In the period 2006–15, the main sources of patent applications going outside a country were the U.S., France, Germany, the Republic of Korea, Japan, and China (Figure 3.20). However, the share of patent applications filed abroad by university and public research institute applicants was highest for the following countries of origin (Figure 3.21): Israel (90.9 percent), France (69.8 percent), the United Kingdom (66.1 percent), the U.S. (62.9 percent), Germany (61.7 percent), Canada (59.6 percent), Italy (57.5 percent), South Africa (56.3 percent), and India (46.1 percent).
3.5 Conclusion
In this chapter, we proposed a methodology for measuring academic patents. Using WIPO’s PCT and the EPO’s PATSTAT data, we provided a relatively comprehensive picture of global academic patenting data.
We showed that global patenting by public research institutes and universities has increased in the last thirty-five years and the map of the main actors has changed significantly. The main findings can be summarized as follows.
The main actors in global patenting are still private sector businesses, but university and public research institute applications are surging as important innovation drivers.

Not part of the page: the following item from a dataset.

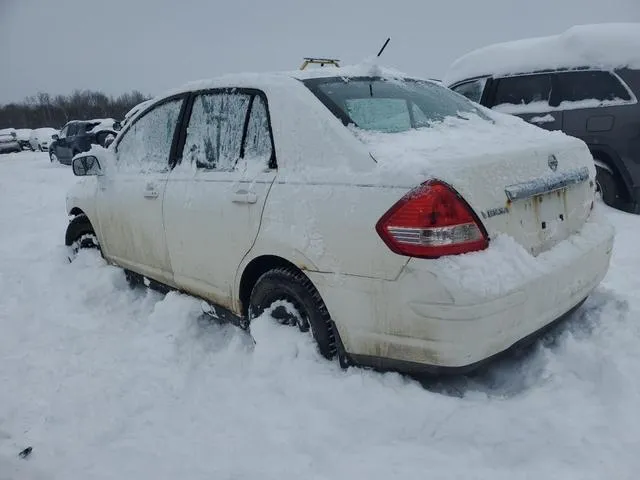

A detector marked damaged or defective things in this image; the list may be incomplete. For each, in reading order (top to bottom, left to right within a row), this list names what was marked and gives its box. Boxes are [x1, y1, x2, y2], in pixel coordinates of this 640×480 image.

The biggest trend over the last thirty-five years has been a shift in university and public research institute patenting dominance from Europe and the U.S. to Asia.
Applications by universities recorded in the PATSTAT and PCT databases were concentrated in science-based technology fields, especially pharmaceuticals and the biological sciences.
In the middle-income group of economies, universities hold more patents than public research institutes, while in the high-income group public research institutes tend to patent more than universities.
However, it is important to remember that there are numerous factors that can contribute to a university or public research institute’s proclivity to patent. A strong focus on science, technology, engineering, and mathematics, public policies that govern IP ownership between university and industry, as well as other policies that enhance the use of patents are all likely to influence the patenting activities of universities and public research institutes across countries (Reference Perkmann, Tartari and McKelveyPerkmann et al. 2013).
Nevertheless, while there are many limitations in using patent data and the extent to which it measures innovativeness, we contend that these data are useful in helping to identify potential weaknesses and highlight the strengths of universities and public research institutes.